Classification is the process of finding a model that describes and distinguishes between a discrete number of data classes. The purpose is to use this model to predict the classes of observations whose class labels are unknown in advance. An example of a classification task could be to predict whether a potential customer browsing a store is actually a buyer or not. Here the class attribute has two possible values: buyer or not buyer. The class attribute can also be called prediction attribute. A possible predictor attribute to find the class on the other hand could the income level of this person.
Regression is a similar concept to classification, however instead of having a discrete number of data classes, regression intends to predict the value of a continuous valued attribute. An example to regression could be to predict the income level of a person. Here, income level is a continuous and numeric attribute.
Visualization is the study of the visual representation of data, creating an abstract form of data characteristics and the relationship between data attributes. The main goal of data visualization is to communicate this information clearly and effectively through graphical means.
Clustering is the task of grouping observations in the data in such a way that observations in the same group are more similar to each other than to those in different groups. Unlike classification, clustering analyzes data observations without consulting a known class label.
Association rule discovery is used for discovering interesting relationships between variables in large databases. For example, the previous grocery store scenario we described earlier where it was observed that milk and salad are frequently purchased together is a case of association rule discovery.
Finally, graph mining is a structured form of data mining, where interrelations and connections between data observations are used to discover interesting patterns in the data.
For each of these tasks, there exist unique and significant challenges that undermine the success of the data mining initiative.
Two of these challenges are scalability and dimensionality.
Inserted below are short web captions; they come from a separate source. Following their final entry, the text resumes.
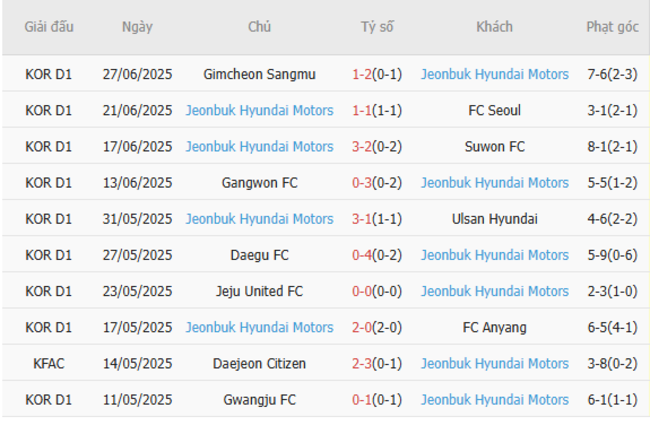 Nhận định Seoul FC vs Jeonbuk Motors, 17h30 ngày 02/07 – FA Hàn Quốc 5 Phong độ gần đây Jeonbuk Motors thể hiện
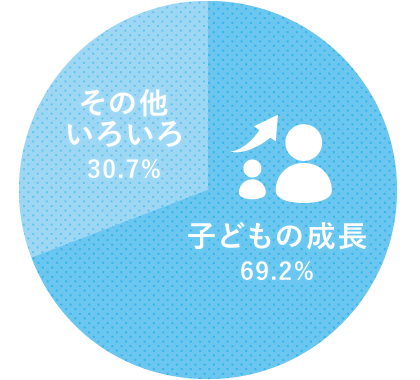 子どもの成長69.2% その他いろいろ30.7%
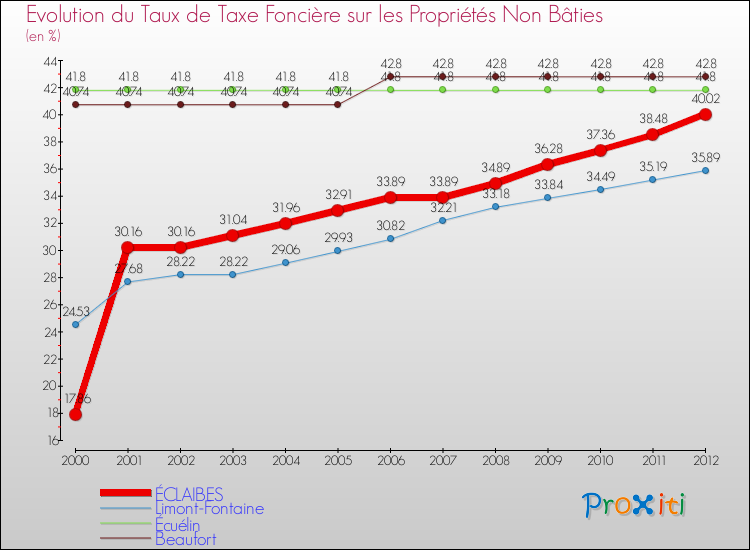 Evolution du taux de la taxe foncière sur les immeubles et terrains non batis pour ÉCLAIBES et les communes proches de 2000 à 2012 Comparaison des taux de la taxe foncière sur les immeubles et terrains non batis pour ÉCLAIBES et les communes voisines de 2000 à 2012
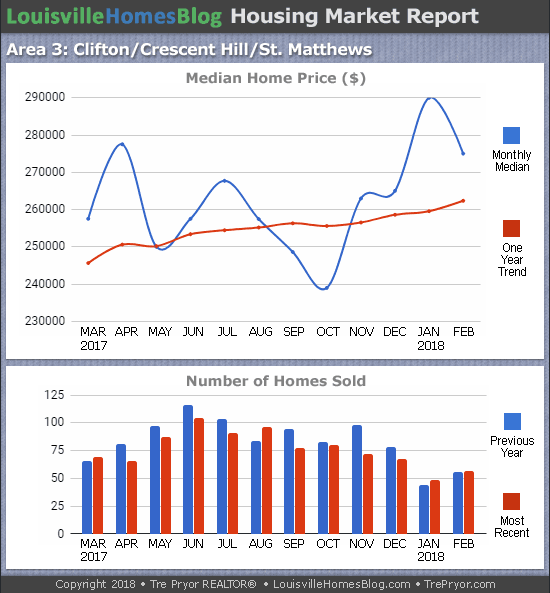 Charts of Louisville home sales and Louisville home prices for St. Matthews MLS area 3 for the 12 month period ending February 2018
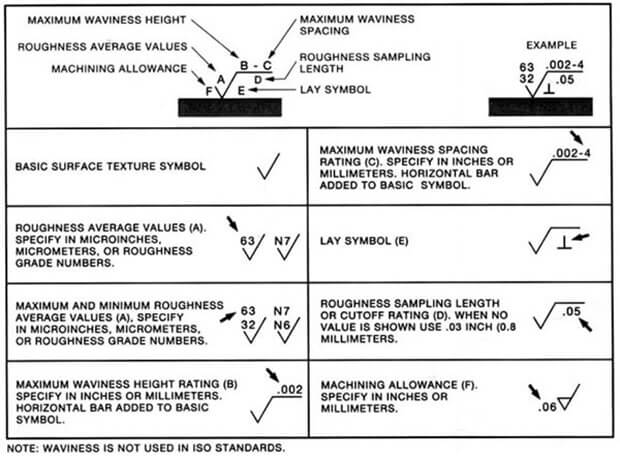 ISO Surface Finish Symbols
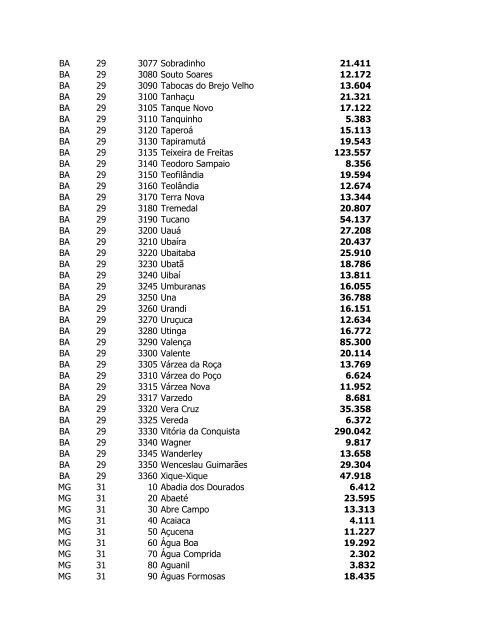 Estimativas das PopulaÃ§Ãµes dos MunicÃ­pios em 2006 - IBGE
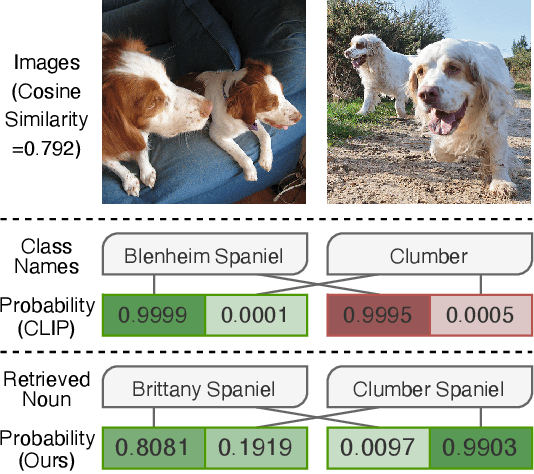 Figure 3 for Image Clustering with External Guidance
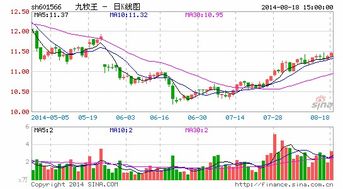 九牧王股票近期如何
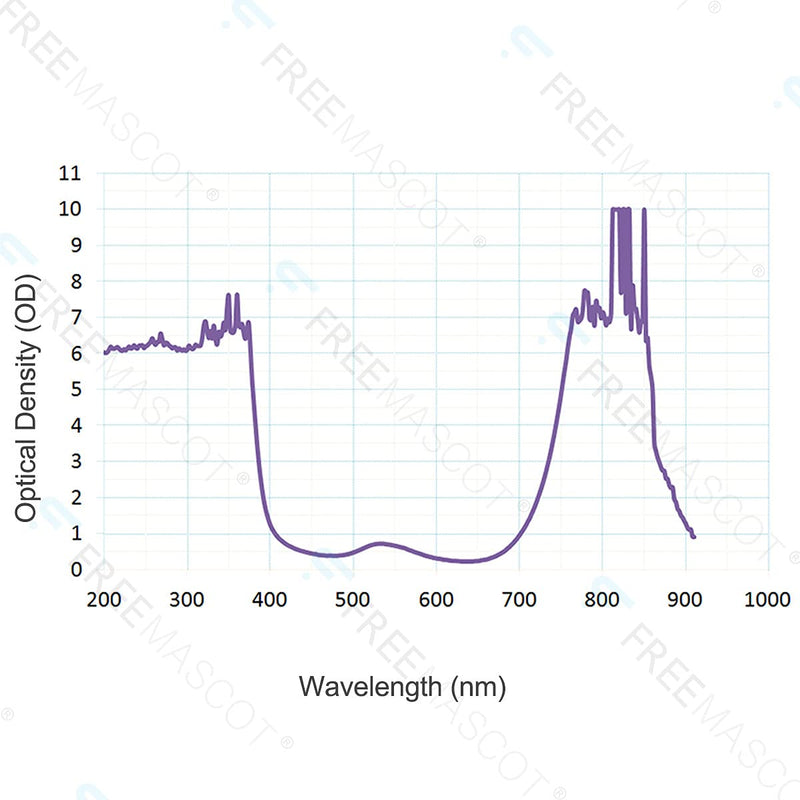FreeMascot OD 5+ 190nm-380nm / 750nm-860nm Wavelength Violet and Infrared Laser Safety Glasses Frame Style 2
In data mining, it is always desirable that the techniques that are employed are robust enough to handle all types of different data sizes and dimensions. As we will later see in this course, unfortunately this is not always the case and we need to come up with smart approaches to introduce scalability into our analyses.
Another challenge of data mining is the complexity and the heterogeneity of the data. In most business cases, we need to deal with different data types including temporal or location-based data, monetary values, text, web data and multimedia. Further, such data can come from all kinds different sources including distinct databases, legacy systems or web sources.
Standardization of all these information in a computer readable form is a difficult process and can lead to data quality problems including missing values, noisy data and duplicate observations.
Finally, privacy and data ownership issues are big concerns that need to be addressed thoroughly in all data mining practices. Especially, mining of personal information for organizational purposes is a very sensitive issue that can have ethical as well as legal consequences.